A small, old dwarf system called Tucana II that orbits the Milky Way contains a great secret. According to a new study of stars orbiting the object at great distances, the halo of dark matter is much more massive than we thought.
In fact, it’s absolutely great. Although the star mass of Tucana II is about 3000 times the mass of the sun, the halo of dark matter is 10 million times the mass of the sun. This is about three to five times as massive as previous estimates.
This suggests that the earliest galaxies in the universe could have been much more massive than we knew.
“Tucana II has a lot more mass than we thought to bind these stars that are so far away,” said astrophysicist Anirudh Chiti of MIT. “This means that other galaxies from the remnants probably also have such elongated halos.”

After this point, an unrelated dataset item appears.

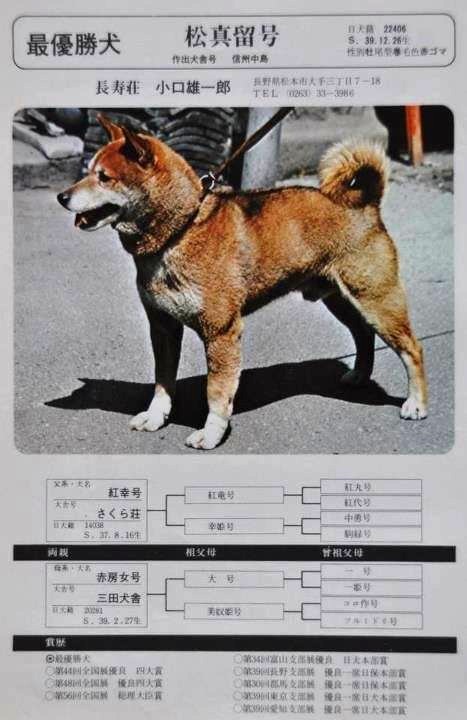 12596012_1011137588962989_175174022_n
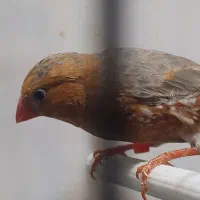 تعدادی فنج انگلیسی واورنج اروپایی|پرنده|خمینیشهر, |دیوار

The Milky Way has a whole swarm of dwarf systems. These are small, dim clusters of stars that are very low in metal, revealing that they are very old, as metals took some time to form in the hearts of stars and propagate through the universe.
Tucana II, about 163,000 light-years from Earth, is one of the smallest. Based on the metallicity of its star population, it is also one of the oldest with almost no metals. Chiti and his team examined these stars, hoping to find a population of even older stars.
They take observations using the SkyMapper telescope of the Australian National University and execute the results through an algorithm designed by Chiti to pick out metal-poor stars. In addition to the stars at the heart of Tucana II, the algorithm has detected nine new stars at very long distances.
Data collected by the Gaia satellite – an ambitious project to map the Milky Way in three dimensions, including the motions of the stars – confirmed this. Those stars far from the core of the dwarf system were in orbit around it, gravitationally bound.
Yet the previously estimated properties of the galaxy did not contain enough mass to produce the kind of gravity that would keep those distant stars bound. This meant that there was a mass that we could not see or detect directly. Which in turn meant dark matter.
We do not know what dark matter is, but there is an unseen mass in the universe that is responsible for creating all the extra gravity, spinning galaxies faster and bending space-time – and there is much more than normal matter. It is dark matter, and we believe it is the glue that binds galaxies.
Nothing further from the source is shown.